A few years ago I created my own 5-point rating system for movies and television shows, and whenever I finish watching something, I can easily fit the product into a system that makes sense to me.

I thought I’d share it because maybe you, too, will find it helpful.

The 5-point system

The system goes from 0-5 in 0.5 increments, resulting in 11 steps. There’s also a 12th step, number 6, which is used in one special case. Let me list the ratings, plus a brief descriptor, before explaining what the steps mean.

0: Unrated

0.5: Dangerous Content

1.0: Offensive Content

1.5: Bad Plot, Bad Production

2: Bad Plot, Decent Production

2.5: Catch on TV

3: Watch Once

3.5: Watch a Second Time with a Friend

4: Own

4.5: Near Perfect

5: Live Your Life By

6: Watch for the Rest of Your Life

2.5, 3, and 3.5 Ratings

Let’s start at the middle of the scale, work our way up, then work our way down.

Movies and shows with a rating of 3 are only worth watching one time. These might be shows you watch because you want to see what the hype is all about, or you are somewhat interested in the premise. I would put a lot of superhero movies in this category: The Avengers, Thor, Iron Man, and The Dark Knight Rises.

Once I’ve seen these movies, I really have no desire to see them again. They provide a couple hours of entertainment but don’t stick with me.

Shows rated 3.5 are those that you’d watch a second time, primarily with another person. For example, I’ve seen most of the Twilight movies (I also read all the books). They aren’t great movies, by any means. They were worth watching once. However, if I had a friend who really wanted to see them, or was really passionate about them, I could stomach watching them a second time.

Watching them with somebody is the crucial distinction between 3 and 3.5. I wouldn’t go out of my way to see 3.5 movies again: they essentially function as 3 movies. But I would watch them again with somebody, not because I care about the movie or show all that much, but because I care about the friend and would want to participate in something that makes them happy.

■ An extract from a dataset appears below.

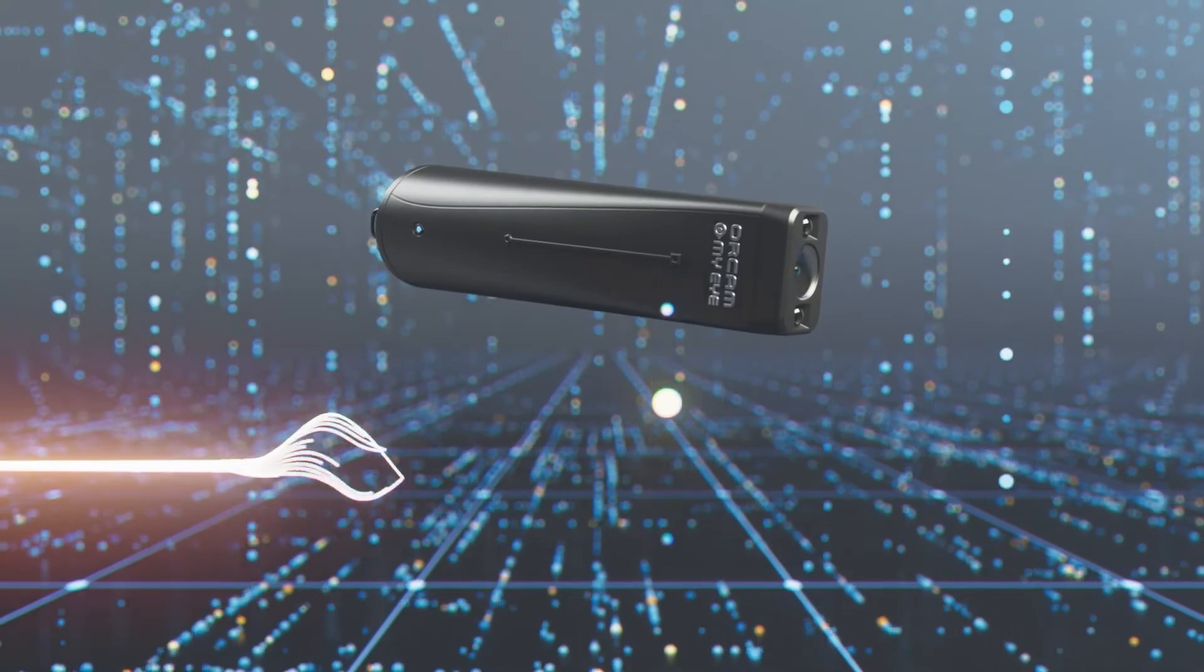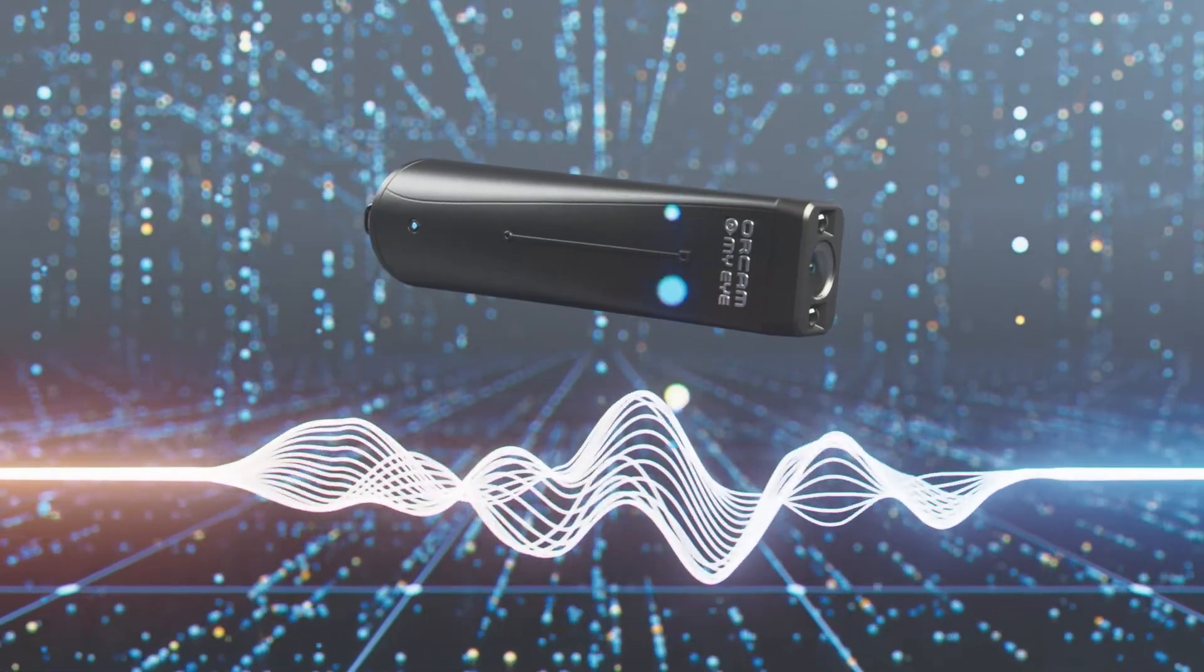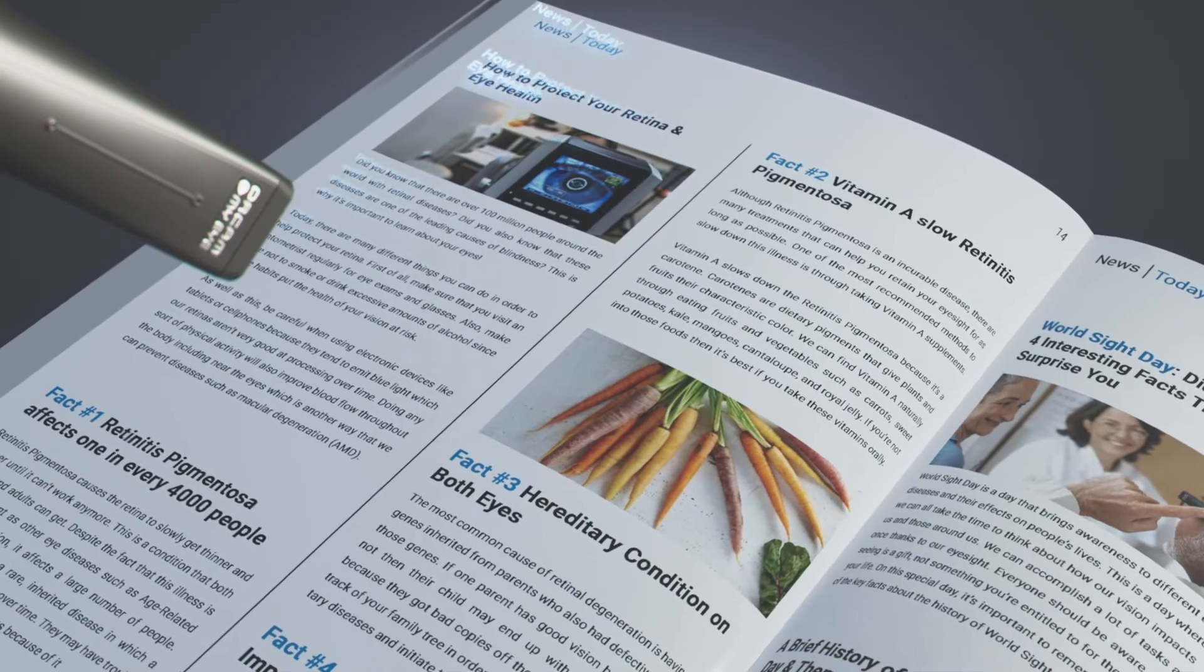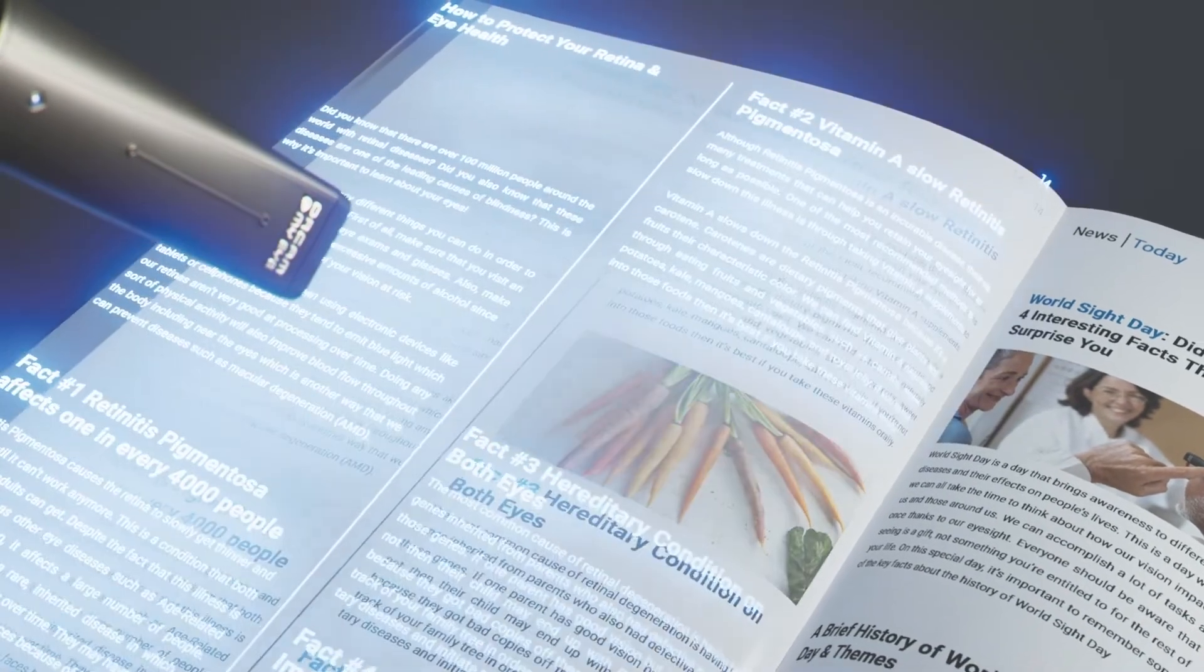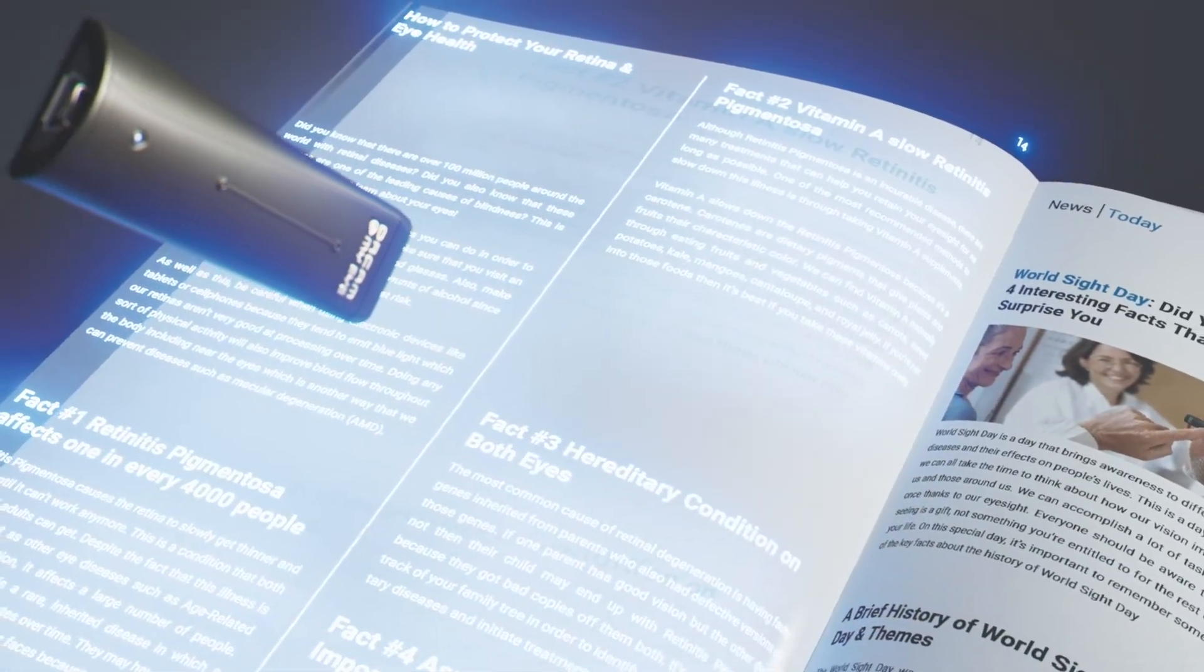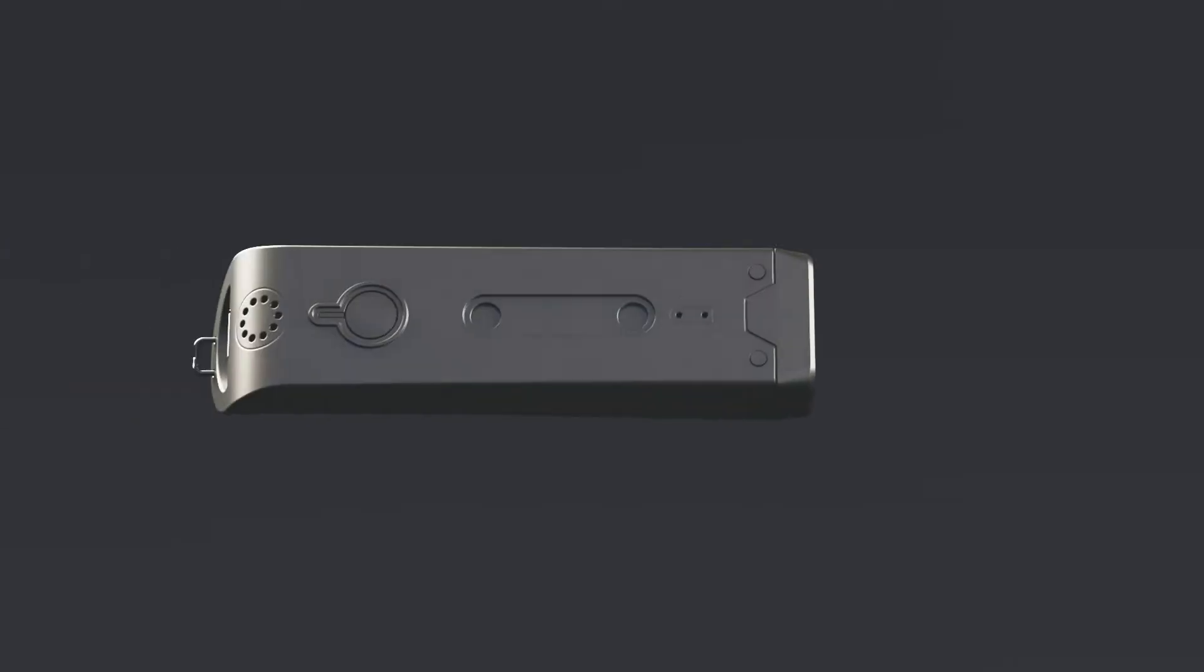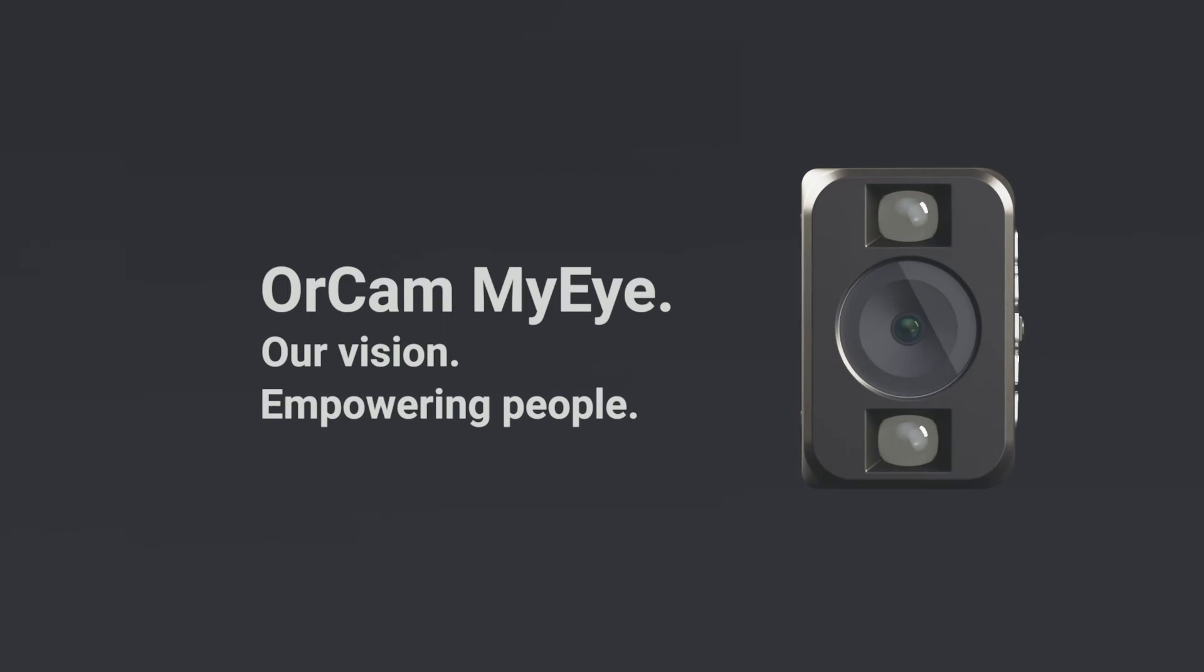Simply use voice commands to control all device features and settings. OrCam MyEye is your trusted companion. Advanced assistive technology that empowers you everywhere you go. OrCam MyEye, our vision, empowering people.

2.5 movies and shows are those that you’d watch if you were flipping through the TV and happened to catch a rebroadcast of them. Maybe you’re home sick, or you’re in the hospital, or you have half an hour to kill at the hotel before meeting up with friends. These are movies or shows that you watch here and there, but don’t actively seek them out.

For example, I’ve watched a fair amount of Teen Titans Go on Cartoon Network over the years. The show has its funny moments, but I’m not drawn into the concept enough to actually seek out broadcasts of new episodes, and it’s certainly not a show I would buy.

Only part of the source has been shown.